Wilder Girls by Rory Power

Review by Hira Peracha
Delacorte Press, July 2019
353 pages, hardcover, $24.99 CAD, 978-0-525-64558-0
Ages 14+, Grades 9-12
Young Adult, Horror, Mystery

Deer, small before the Tox and so big now they could feed us for weeks, if their meat weren’t rotten and dying. Coyotes, and I’ve heard wolves, though I’ve never seen one. Other things, too, that never show themselves. The Tox didn’t just happen to us. It happened to everything.

Moss layering thick carpets across the ground, vines spiralling high. Here and there, patches of flowers growing strong, even in the cold. They’re irises, vivid indigo petals coated with frost, a cluster in the middle gathered close with a skirt of petals draping down. They grow all over the island, all year round, and we used to have a vase of them in practically every room in the house. Raxter Irises, special for the way their petals darken once they’re picked. Like Raxter Blues. And now like us.

The Tox—A parasite, a plague, a disease. It affects every single person and thing at Raxter School for Girls, but, some more than others. For Hetty, the sixteen-year-old protagonist, the Tox took her eye, but that doesn’t stop her, nor any of the other girls, from remaining strong on the island they are quarantined on.

The students of Raxter School for Girls are quarantined within Raxter house, behind a large heavy-duty fence on an island. Beyond the fence is a thick forest, unknown creatures, the ocean, and then nothing. The Navy ordered the residents to not break quarantine with the exception of the Boat Shift. The Boat Shift, composed of three girls and Ms. Welch, a teacher, were the few people who were allowed to leave the enclosed campus of Raxter and gather supplies shipped to them. When one of the girls in Boat Shift quits, Hetty is assigned to the group and discovers secrets that, if exposed, could create chaos. But, when Hetty’s best friend, Byatt, goes missing, Hetty struggles to keep many of those secrets to herself.

Wilder Girls by Rory Power is written in two points of view: Hetty and Byatt. The way the chapters are organized between the two characters gave the impression that Hetty was the main protagonist because we get more Hetty overall. I found Hetty’s chapters more accessible than Byatt’s because Hetty’s thoughts, opinions, and struggles are laid out clearly for the readers. In comparison, Byatt’s chapters were more poetic, the sentences quick and punchy. While it was effective in establishing a more chaotic tone, it wasn’t as linear or clear as Hetty’s voice.

Rory Power’s descriptions, written in the present and laced around exposition and dialogue, are eerie and chilling as if you are on the island with Hetty (see excerpt). Although the sentences are blunt and choppy, it effectively raises suspense and tension. Hetty’s world, however horrifying it is revealed to be, blossoms on every page, becoming both clearer and muddier as old questions are answered and new questions surface. However, the girls at Raxter are not sheltered from the world, the world is sheltered from them. And although our knowledge is limited and there is a lot of mystery present, what we are told through descriptions of the island and of how the Tox consumes Raxter makes everything pop out as alive and unsettling but beautiful.

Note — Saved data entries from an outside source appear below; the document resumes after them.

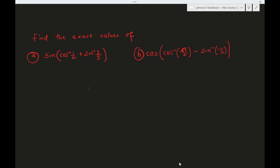Hello viewers. In this video we have interesting questions where we want to find the exact values of these trigonometry functions. Let's start with the first one — we want to find sine.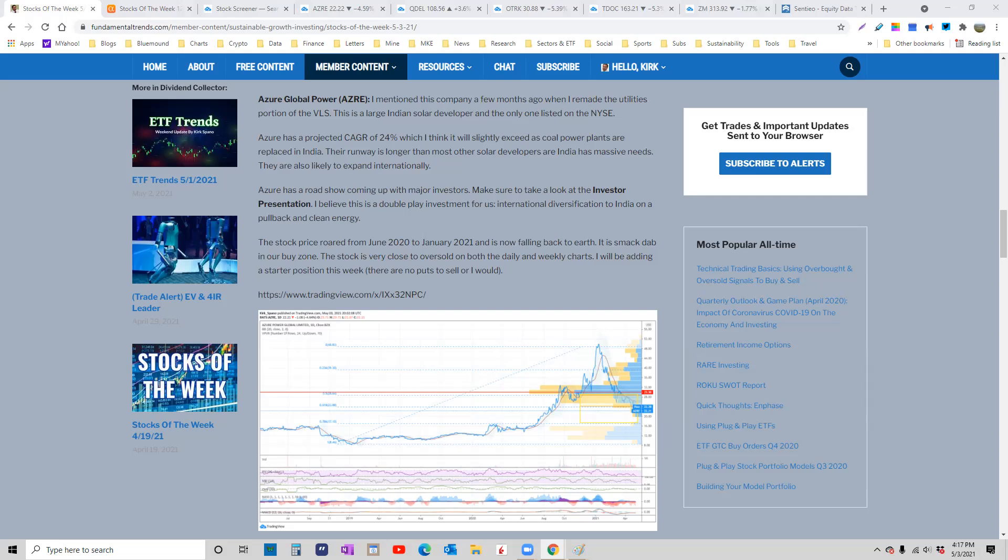So I want exposure to India. Looking at the ETFs, I'm looking at several stocks. This is the one that I'm going to start with. And I think that probably if you scale into this once about here, if it drops down to 16, 17, you buy again.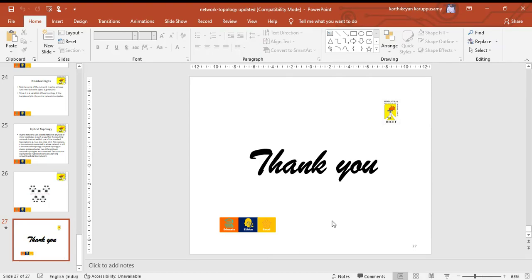That's all about the topologies in the network. Thank you.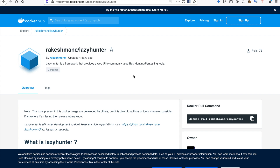Hello everybody, welcome back to the top 5 bug bounty resources of this week. It's great seeing you guys again. Thank you guys for returning. I'm going to go over 5 of my favorite tools that I use in bug bounty hunting, and I'm going to be doing this every single week. Links will be in the description.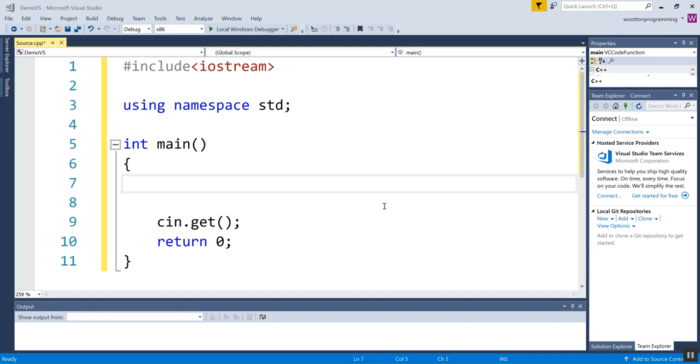It's not very interesting to just work with literal values because we just type them as the program and they can't change. That's not very dynamic.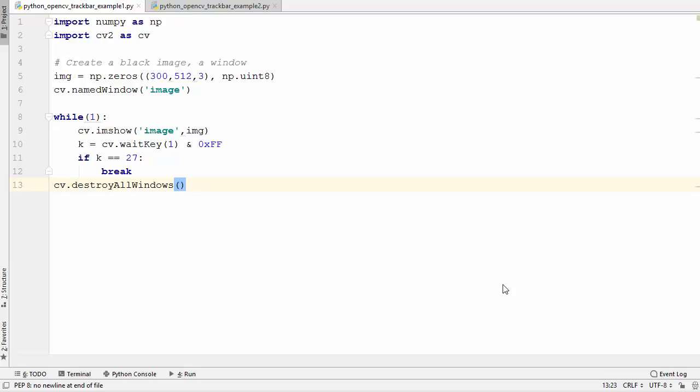Hey guys, welcome to the next video on OpenCV tutorial for beginners using Python. In this video we will talk about trackbars in OpenCV. Trackbars are really useful whenever you want to change some value in your image dynamically at runtime. Let's see how we can use trackbars in OpenCV.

Not only are the descriptions vivid but the characters are unique and realistic. I think that’s why it makes this story solidly young adult: Hetty, Byatt, and their other friend, Reese, (all 16 years old) are complex in their own ways. Hetty is swift and smart, Byatt is calm and logical, and Reese is headstrong. They question mysteries they don’t understand but most of all their friendship and commitment towards each other is admirable and something a lot of young readers will cherish. They are persistent and goal-driven, and don’t allow bumps in the road to trip them up, especially when they are faced with loss and confusion.

While reading the more female-centric Wilder Girls, I was reminded of the more male-centric The Maze Runner by James Dashner in that the reader’s view is confined to the dystopian or apocalyptic environment and limited to what the narrator observes.

Wilder Girls is haunting in its descriptions and the reality of what lengths individuals can go to in order to survive. It will give you chills and a rush of adrenaline as you run alongside the girls at Raxter.

Hira Peracha is a recent graduate from the Psychology and Creative Writing programs at the University of British Columbia. She enjoys reading and writing fiction and poetry.